Doch dazu kommt es nicht mehr: Der Oppositionsführer wird am 27. Februar 2015 auf einer Brücke in Moskau erschossen, der Tatort liegt in Sichtweite des Kremls. Der Mord ist ein Schock für viele in Russland, weil ein ehemaliger Vize-Premier bisher als unangreifbar galt.


1. September 2022, Moskau

Rawil Maganow hat fast drei Jahrzehnte für den russischen Ölkonzern Lukoil gearbeitet, im Jahr 2020 wird er dessen Chef. In eine solche Position kommt in Putins Russland nur, wer sich mit dem Kreml gut stellt. Es gibt Fotos, die Maganow mit Putin zeigen, als dieser ihm gerade einen Orden verleiht.

Doch im März 2022 macht der Firmenchef etwas, was in seinen Kreisen mehr als ungewöhnlich ist: Er äußert sich nicht nur zur aktuellen Politik, sondern kritisiert sie indirekt. In einem offiziellen Statement von Lukoil wird ein schnellstmögliches Ende des Krieges in der Ukraine gefordert.

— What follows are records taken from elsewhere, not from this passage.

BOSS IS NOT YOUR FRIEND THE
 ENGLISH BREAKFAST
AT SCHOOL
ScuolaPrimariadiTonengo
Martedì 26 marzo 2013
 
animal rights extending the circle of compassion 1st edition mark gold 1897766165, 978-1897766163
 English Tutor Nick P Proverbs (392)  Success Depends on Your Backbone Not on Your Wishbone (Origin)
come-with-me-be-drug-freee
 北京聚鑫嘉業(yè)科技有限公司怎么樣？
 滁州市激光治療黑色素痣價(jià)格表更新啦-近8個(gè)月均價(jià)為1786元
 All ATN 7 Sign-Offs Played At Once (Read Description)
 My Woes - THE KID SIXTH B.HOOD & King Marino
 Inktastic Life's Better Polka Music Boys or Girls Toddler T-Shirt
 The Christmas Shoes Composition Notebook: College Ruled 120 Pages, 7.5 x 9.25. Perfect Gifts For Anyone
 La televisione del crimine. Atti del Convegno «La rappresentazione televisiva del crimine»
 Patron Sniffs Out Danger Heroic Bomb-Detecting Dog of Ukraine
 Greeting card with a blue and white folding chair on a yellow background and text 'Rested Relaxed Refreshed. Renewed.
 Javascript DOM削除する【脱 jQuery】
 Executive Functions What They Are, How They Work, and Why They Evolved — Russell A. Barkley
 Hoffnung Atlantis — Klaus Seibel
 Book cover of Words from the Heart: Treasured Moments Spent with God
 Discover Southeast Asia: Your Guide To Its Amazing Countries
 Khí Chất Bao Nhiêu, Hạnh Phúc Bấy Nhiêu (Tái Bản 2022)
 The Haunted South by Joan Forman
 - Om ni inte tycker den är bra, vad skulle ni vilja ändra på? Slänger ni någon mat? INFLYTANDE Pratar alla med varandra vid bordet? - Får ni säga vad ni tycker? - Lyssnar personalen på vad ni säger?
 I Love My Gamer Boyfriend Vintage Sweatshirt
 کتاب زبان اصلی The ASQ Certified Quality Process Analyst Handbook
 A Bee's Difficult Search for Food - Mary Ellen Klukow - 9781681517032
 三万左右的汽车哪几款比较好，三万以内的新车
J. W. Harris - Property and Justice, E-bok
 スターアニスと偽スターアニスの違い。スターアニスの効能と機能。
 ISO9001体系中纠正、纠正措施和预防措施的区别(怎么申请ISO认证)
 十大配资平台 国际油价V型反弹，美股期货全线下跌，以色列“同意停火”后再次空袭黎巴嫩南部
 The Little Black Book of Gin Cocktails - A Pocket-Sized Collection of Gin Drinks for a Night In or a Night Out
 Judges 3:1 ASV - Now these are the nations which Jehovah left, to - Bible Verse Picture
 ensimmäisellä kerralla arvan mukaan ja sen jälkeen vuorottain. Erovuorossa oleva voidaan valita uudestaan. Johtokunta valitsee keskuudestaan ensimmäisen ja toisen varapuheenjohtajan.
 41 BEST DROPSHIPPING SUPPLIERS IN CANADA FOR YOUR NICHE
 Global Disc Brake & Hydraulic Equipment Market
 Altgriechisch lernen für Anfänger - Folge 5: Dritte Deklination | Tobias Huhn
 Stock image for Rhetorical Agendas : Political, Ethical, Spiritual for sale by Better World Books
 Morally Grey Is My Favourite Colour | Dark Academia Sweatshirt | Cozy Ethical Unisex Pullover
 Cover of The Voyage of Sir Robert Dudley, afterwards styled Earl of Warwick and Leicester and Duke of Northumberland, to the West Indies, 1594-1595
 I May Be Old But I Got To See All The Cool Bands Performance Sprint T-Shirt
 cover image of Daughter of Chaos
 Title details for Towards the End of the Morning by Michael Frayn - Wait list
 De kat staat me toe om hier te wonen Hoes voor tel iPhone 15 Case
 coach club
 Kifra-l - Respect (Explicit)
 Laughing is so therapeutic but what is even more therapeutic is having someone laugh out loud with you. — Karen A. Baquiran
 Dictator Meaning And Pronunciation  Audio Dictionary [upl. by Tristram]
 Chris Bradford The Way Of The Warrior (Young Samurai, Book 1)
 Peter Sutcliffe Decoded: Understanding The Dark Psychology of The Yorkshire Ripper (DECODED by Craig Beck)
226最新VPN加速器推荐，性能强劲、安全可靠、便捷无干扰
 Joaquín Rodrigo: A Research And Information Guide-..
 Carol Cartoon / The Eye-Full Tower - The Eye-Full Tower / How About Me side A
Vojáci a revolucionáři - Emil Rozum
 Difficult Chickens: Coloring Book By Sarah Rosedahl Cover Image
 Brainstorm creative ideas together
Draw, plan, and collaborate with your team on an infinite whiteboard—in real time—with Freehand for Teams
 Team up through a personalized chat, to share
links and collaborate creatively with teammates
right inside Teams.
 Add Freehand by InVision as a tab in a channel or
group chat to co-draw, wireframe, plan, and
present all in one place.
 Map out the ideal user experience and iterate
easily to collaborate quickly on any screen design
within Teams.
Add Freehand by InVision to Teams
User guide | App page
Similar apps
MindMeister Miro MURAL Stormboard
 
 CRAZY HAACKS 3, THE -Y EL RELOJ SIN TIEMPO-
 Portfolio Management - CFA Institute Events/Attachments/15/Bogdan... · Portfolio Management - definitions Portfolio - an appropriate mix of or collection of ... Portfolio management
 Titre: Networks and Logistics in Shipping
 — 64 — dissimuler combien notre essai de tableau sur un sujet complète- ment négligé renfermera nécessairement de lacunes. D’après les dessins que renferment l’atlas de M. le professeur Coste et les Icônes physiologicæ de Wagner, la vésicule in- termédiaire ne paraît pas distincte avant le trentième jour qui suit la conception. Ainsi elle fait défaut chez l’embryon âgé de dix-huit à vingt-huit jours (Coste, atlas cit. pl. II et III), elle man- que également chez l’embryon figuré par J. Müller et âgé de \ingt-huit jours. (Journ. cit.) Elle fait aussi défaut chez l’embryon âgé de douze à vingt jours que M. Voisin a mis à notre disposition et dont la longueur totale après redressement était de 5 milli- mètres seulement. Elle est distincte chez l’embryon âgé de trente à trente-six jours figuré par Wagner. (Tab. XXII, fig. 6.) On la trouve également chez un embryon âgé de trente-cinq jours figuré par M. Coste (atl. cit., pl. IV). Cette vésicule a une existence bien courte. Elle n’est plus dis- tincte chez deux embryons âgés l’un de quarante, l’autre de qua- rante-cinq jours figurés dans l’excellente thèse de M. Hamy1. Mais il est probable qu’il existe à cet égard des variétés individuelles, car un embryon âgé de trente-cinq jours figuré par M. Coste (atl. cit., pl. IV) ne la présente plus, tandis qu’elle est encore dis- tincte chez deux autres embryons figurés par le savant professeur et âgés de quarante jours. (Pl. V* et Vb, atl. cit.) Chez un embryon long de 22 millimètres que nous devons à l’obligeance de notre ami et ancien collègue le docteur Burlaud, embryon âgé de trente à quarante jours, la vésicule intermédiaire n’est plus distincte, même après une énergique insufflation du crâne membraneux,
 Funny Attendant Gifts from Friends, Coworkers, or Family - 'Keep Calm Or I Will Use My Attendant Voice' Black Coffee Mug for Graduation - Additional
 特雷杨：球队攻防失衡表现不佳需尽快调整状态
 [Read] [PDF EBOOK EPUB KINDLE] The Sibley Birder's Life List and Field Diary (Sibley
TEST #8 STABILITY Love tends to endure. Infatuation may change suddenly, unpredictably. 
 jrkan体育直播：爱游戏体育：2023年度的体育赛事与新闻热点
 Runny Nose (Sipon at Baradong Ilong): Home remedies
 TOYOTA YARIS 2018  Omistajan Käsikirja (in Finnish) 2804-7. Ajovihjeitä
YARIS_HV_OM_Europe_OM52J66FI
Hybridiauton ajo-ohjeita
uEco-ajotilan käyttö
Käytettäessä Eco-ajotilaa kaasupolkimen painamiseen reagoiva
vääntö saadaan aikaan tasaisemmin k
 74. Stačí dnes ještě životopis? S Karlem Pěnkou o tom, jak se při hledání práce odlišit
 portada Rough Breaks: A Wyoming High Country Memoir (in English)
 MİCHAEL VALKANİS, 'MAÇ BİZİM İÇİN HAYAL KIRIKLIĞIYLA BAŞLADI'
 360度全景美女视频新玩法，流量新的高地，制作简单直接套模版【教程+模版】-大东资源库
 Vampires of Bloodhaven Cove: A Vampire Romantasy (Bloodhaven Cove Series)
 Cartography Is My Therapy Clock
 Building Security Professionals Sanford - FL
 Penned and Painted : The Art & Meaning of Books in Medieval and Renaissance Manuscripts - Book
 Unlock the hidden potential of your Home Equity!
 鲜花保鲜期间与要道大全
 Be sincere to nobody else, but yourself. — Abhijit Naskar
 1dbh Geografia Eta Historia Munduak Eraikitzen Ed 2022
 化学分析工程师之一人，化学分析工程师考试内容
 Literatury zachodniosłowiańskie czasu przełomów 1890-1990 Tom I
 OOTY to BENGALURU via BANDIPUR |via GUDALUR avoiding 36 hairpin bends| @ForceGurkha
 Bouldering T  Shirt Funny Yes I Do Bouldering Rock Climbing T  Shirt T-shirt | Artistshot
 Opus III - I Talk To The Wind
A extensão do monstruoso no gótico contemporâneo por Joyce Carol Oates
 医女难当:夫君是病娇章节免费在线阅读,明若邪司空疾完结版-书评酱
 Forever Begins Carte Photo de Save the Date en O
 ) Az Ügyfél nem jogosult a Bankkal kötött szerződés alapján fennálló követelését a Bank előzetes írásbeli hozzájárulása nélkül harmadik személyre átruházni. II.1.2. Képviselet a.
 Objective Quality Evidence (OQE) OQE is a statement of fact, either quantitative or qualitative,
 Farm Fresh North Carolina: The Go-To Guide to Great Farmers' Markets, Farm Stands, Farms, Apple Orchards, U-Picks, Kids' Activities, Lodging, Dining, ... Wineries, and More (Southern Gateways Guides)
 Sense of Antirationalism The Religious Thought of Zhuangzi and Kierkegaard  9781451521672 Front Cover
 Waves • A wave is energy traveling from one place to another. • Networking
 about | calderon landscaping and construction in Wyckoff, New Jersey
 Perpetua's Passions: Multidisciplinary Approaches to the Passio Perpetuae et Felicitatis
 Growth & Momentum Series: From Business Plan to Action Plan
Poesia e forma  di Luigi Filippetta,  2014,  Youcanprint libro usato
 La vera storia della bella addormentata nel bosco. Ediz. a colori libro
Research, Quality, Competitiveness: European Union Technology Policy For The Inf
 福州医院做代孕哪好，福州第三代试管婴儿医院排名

Am 1. September fällt Maganow aus dem Fenster im sechsten Stock eines Krankenhauses in Moskau. Dort ist er wegen Herzproblemen in Behandlung. Russische Staatsmedien sprechen von Selbstmord. Doch Überwachungskameras in der Nähe des Krankenhauses waren ausgerechnet zu dem Zeitpunkt außer Betrieb. Der Vorfall zählt zu einer ganzen Reihe mysteriöser Todesfälle durch Sturz aus dem Fenster.